In Mexico City, El Chapo and Sean Penn are a Hollywood farce

In Mexico City, El Chapo and Sean Penn are a Hollywood farce
Photo by Teresa Puente

MEXICO CITY - The faces of actors Sean Penn and Kate del Castillo have been plastered all over the newspapers this week in Mexico City.

Castillo, a well known Mexican actress who played a drug queen in a telenovela, helped Penn arrange an interview with Joaquin "El Chapo" Guzman that was published in Rolling Stone magazine over the weekend.

In the United States, much of the controversy has been around whether Penn is a journalist and how Rolling Stone gave El Chapo approval to review the piece, an unethical practice in journalism.

Some journalists, including Alfredo Corchado, have said Penn insults the memory of Mexican journalists who have been slain by narcotraffickers  trying to cover that story.

But on the streets here most people think this is just the latest example of how the Mexican government has failed again.

They aren't surprised that the actors could communicate with El Chapo after he escaped through a $5 million tunnel from a supermax jail in July. The Mexican authorities reportedly recaptured the drug lord only after following Penn's trail.

"There is no faith in the government," Gustavo Flores, 34, told me. "I mean how do we even know if this is the real Chapo?"

Jorge Velazquez, 68, a newspaper salesman thinks it's all about money. El Chapo wanted to talk to Penn and Castillo about making a biopic of his life.

"All they wanted was to gain fame and to make money," Velazquez said.

Some question whether the actors should have communicated with a man who has been responsible for the deaths of thousands of Mexicans. He also was named Chicago's Public Enemy No. 1 by the Chicago Crime Commission in 2013 and his network dominates the drug trade in Chicago.

"He doesn't deserve a movie. He's a delinquent, an assassin," said Saul Alvarez, 17, who was selling watches in the historic center of Mexico City.

But some Mexicans admit to admiring El Chapo.

Irene Ramirez, 32, a nurse, said El Chapo is one of the most important people in Mexico.

"He has done more for this country than Peña Nieto," referring to the current Mexican president. "I mean he helps people, economically speaking."

Mexicans are hurting as the peso is weak at almost 18 pesos per dollar.  They blame a corrupt government that hasn't done much to improve the economy. They complain about crime, kidnappings and lack of opportunity.
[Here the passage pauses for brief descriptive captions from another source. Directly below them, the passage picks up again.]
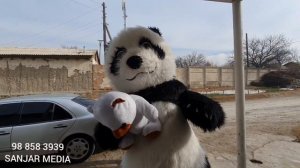 #Конибодом_2022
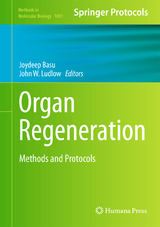 Organ Regeneration - 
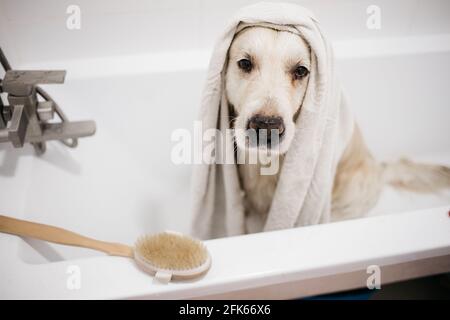 golden Retriever Baden im Badezimmer Stockfoto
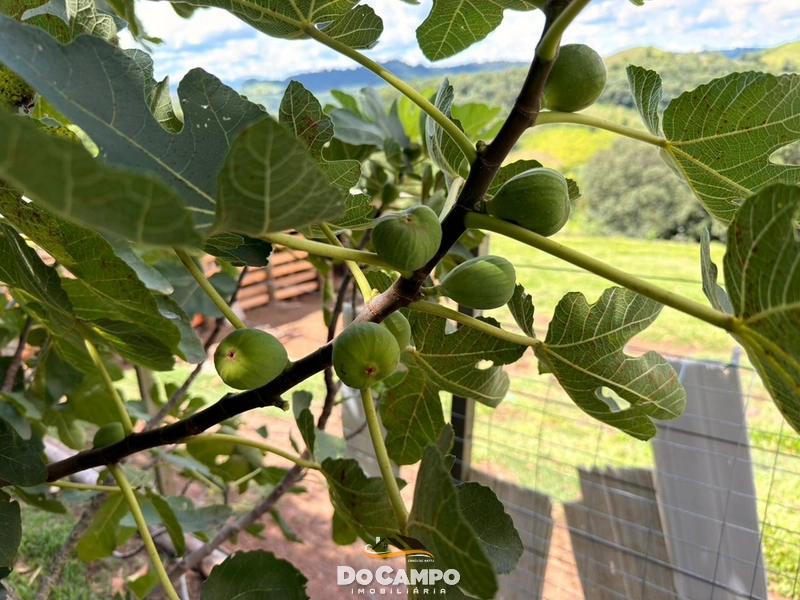 : 32ª foto da galeria de imagens do imóvel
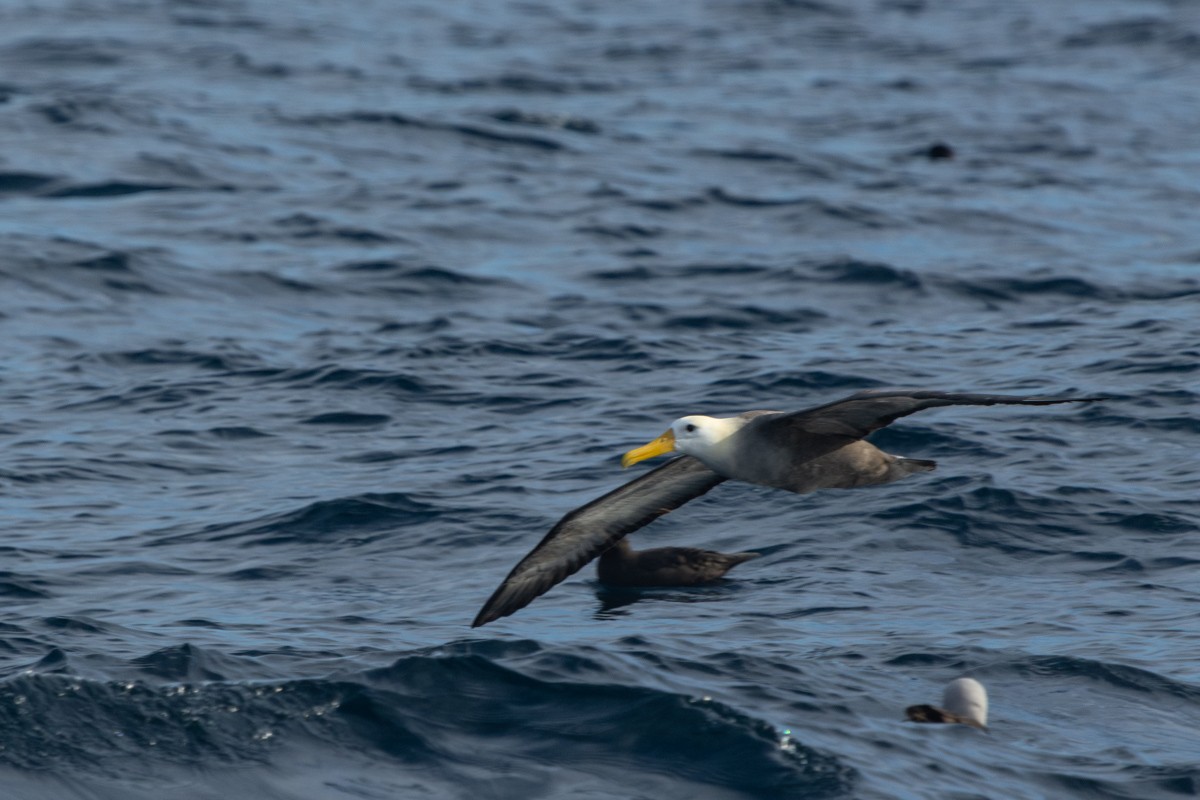 Albatros de Galápagos - ML619323874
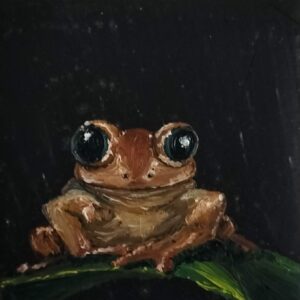 Miniature frog, Oil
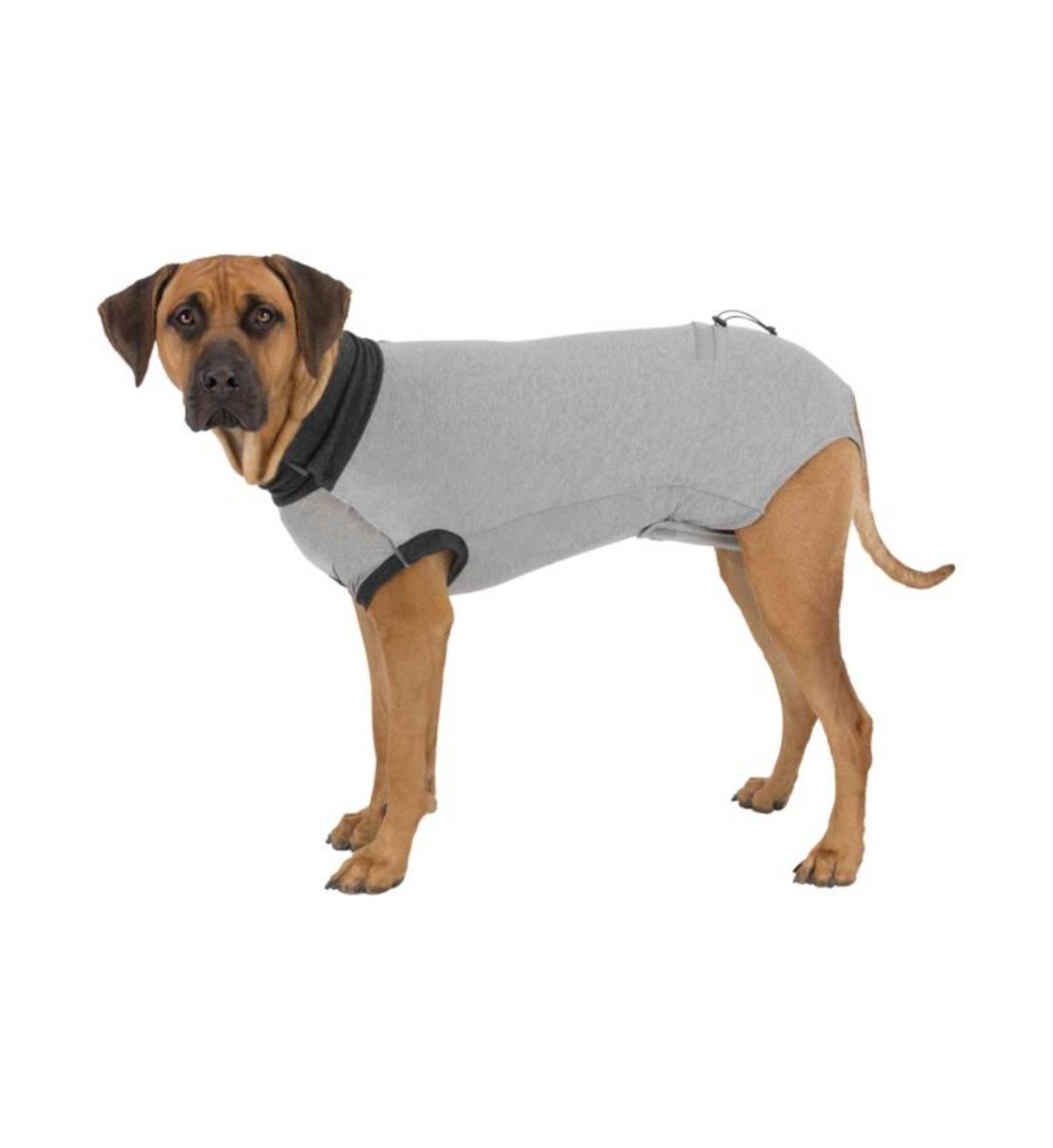 TRIXIE CANE BODY PROTETTIVO CANE L 55 CM GRIGIO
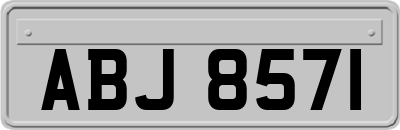 ABJ8571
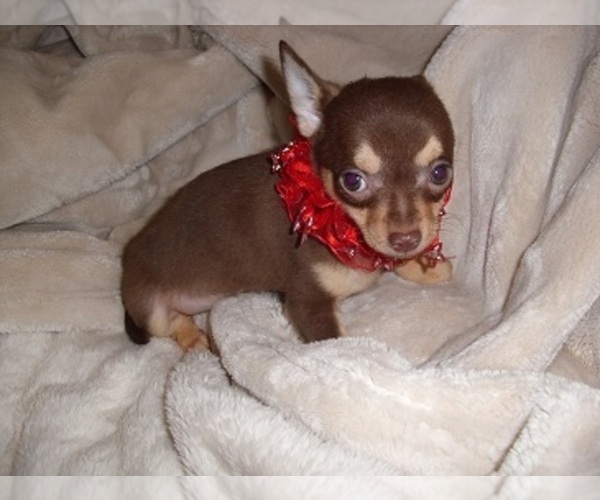 Medium Photo #1 Chihuahua Puppy For Sale in MADISON, MS, USA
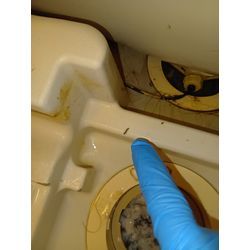 お風呂チョウバエはエプロン内の排水消毒をの画像1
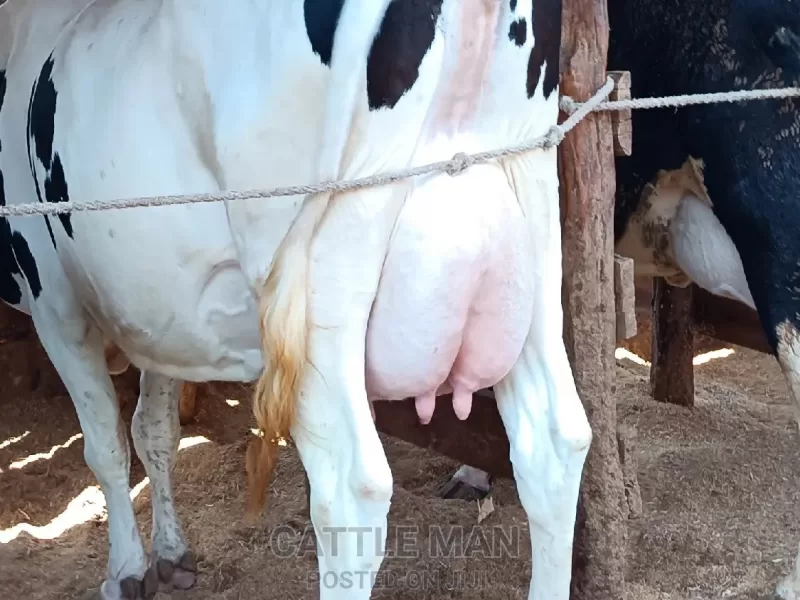 FRIESIAN DAIRY COWS 40+ LITRES PER DAY 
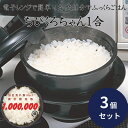 カクセー 電子レンジ炊飯器 一合炊き ×3個セット │ CK-001 備長炭配合 ご飯メーカー 日本製 魂魄と 炊飯ポット レンジ調理機 電子レンジ用炊飯鍋 めしべら 計量カップ 電子レンジ鍋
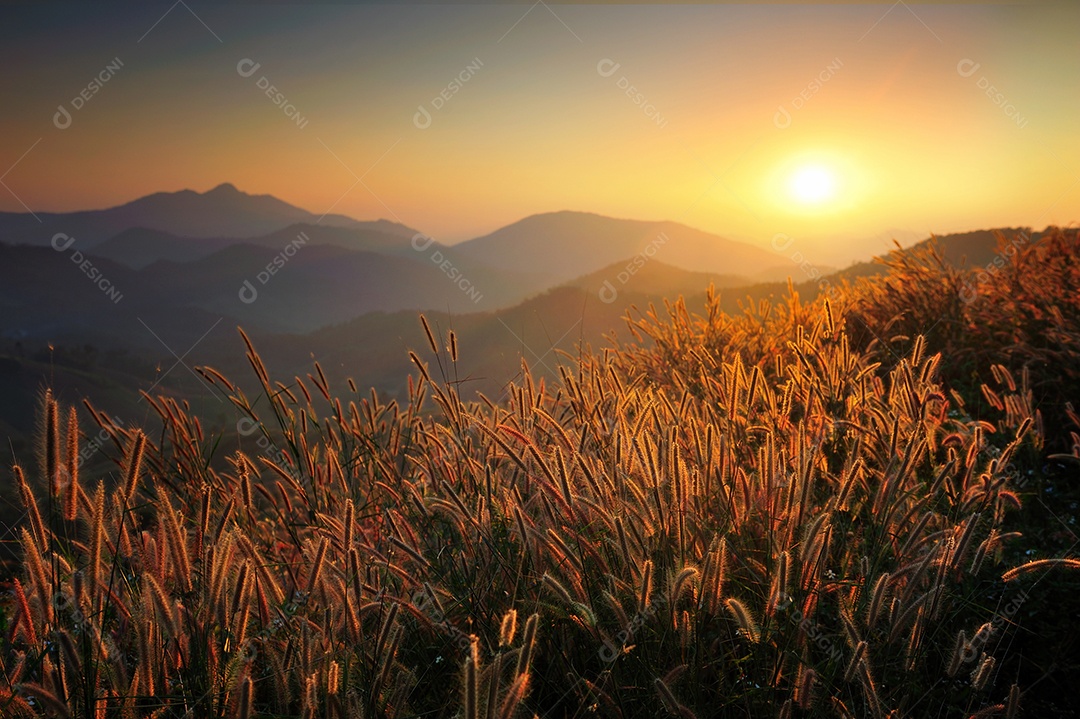 Paisagem do sol de verão do céu de grama seca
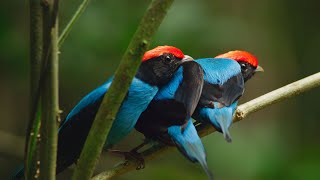 Manakin Birds have ALL Best Dance Moves  Seven Worlds One Planet  BBC Earth [upl. by Adnarb]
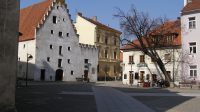 29. 3. 2011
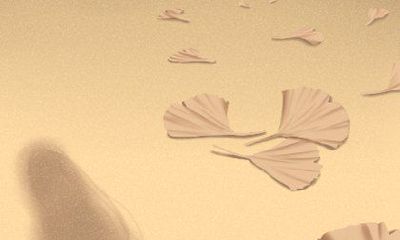 午时左眼跳是什么兆头？这种眼跳预示着什么重要的事件？让我们一起来解读它的意义吧！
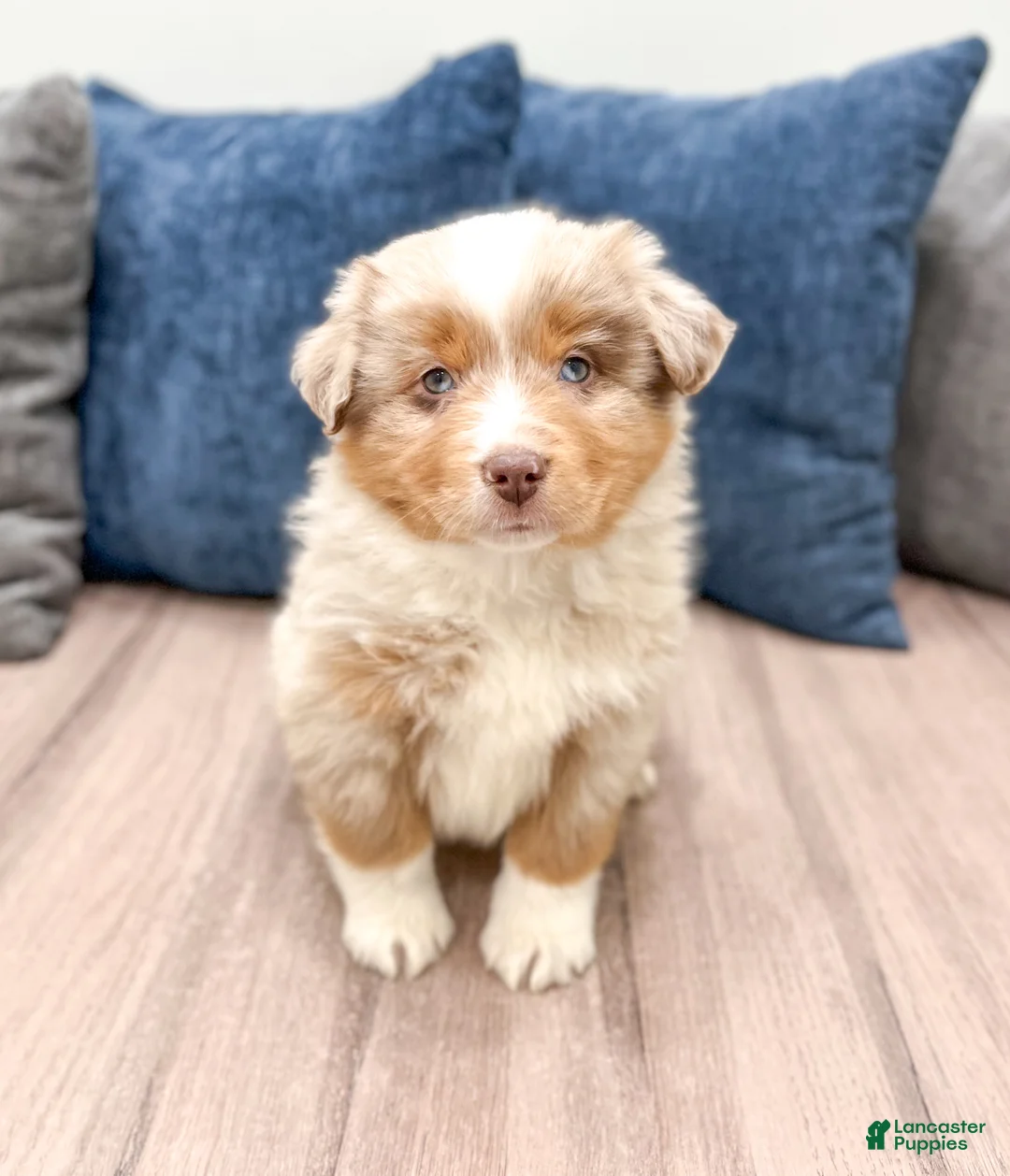 Miniature Australian Shepherd dogs for sale: Bo - Ad 1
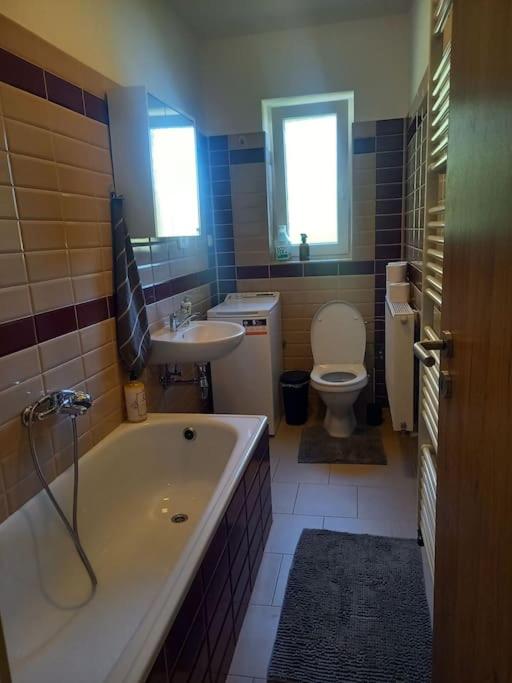 Zastávka v lázeňském trojúhelníku apartmán 4 photo 3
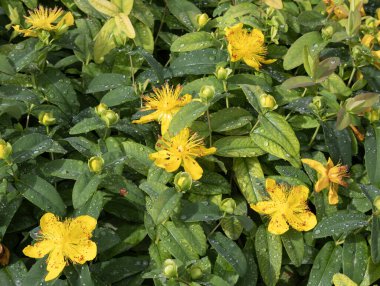 Hypericum calycinum, Hypericaceae familyasından bir bitki türü..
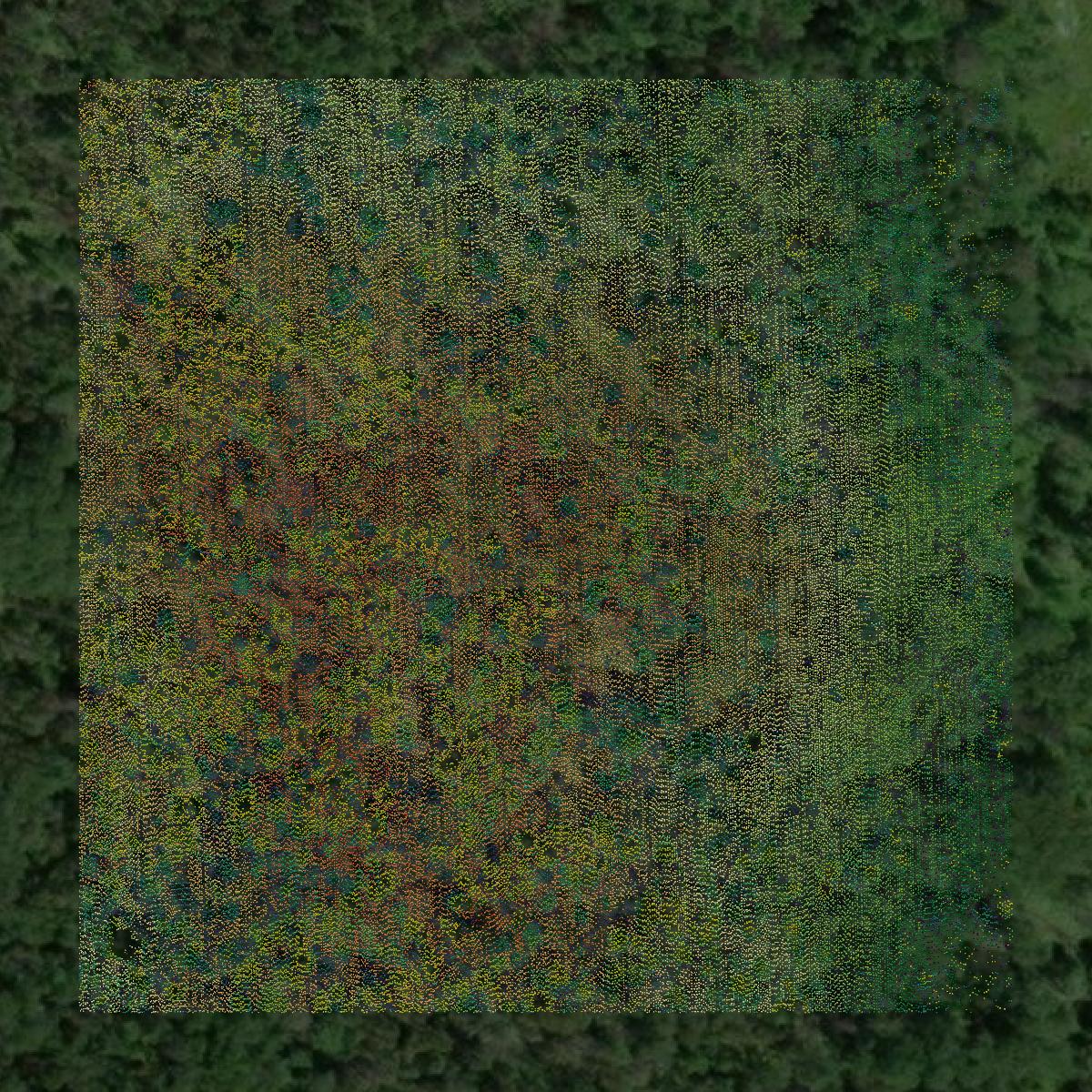 This image shows a LiDAR point cloud in Iosco County created using GIS data in Equator.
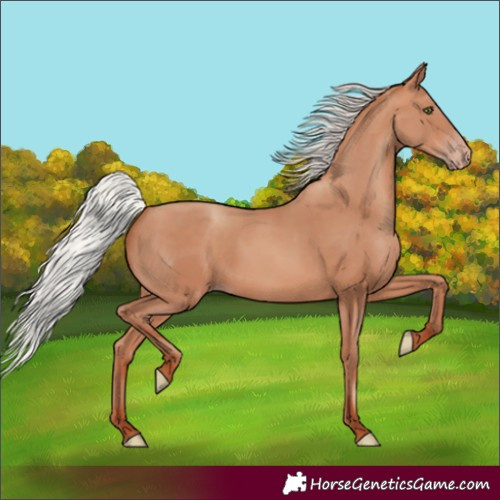 Horse Color:Silver Amber Champagne Rabicano 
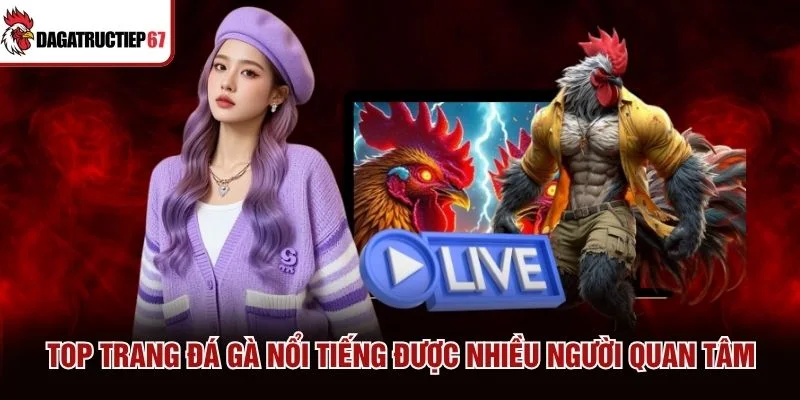 Top trang đá gà nổi tiếng được nhiều người quan tâm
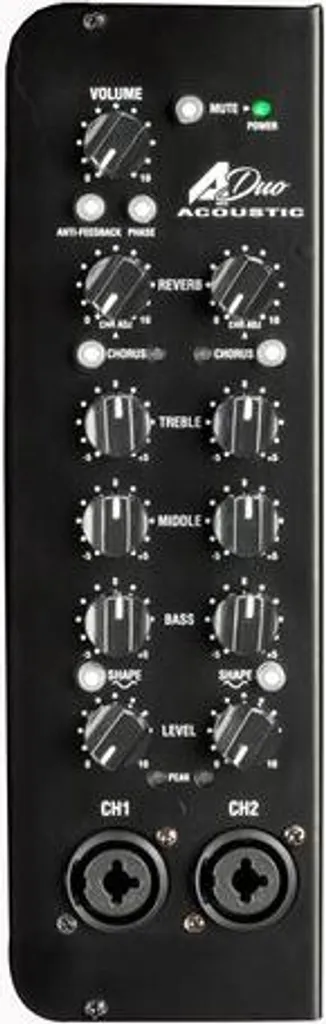 Laney A-Duo Ampli avec Effets Numériques et Double Entrée XLR Jack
The Mexican president's approval rating is around 34 percent, a new low after El Chapo's summer escape.

Cristian Alvarez, 26, thinks this latest El Chapo twist is almost comical and like a work of fiction.

"It's all a farce," he said of the story of El Chapo, his capture, escapes, recapture and brushes with Hollywood.

"It's like that movie, "The Perfect Dictatorship," Alvarez said about the 2014 film depicting how the media creates a distraction to benefit politicians.

"But this is real life," Alvarez said.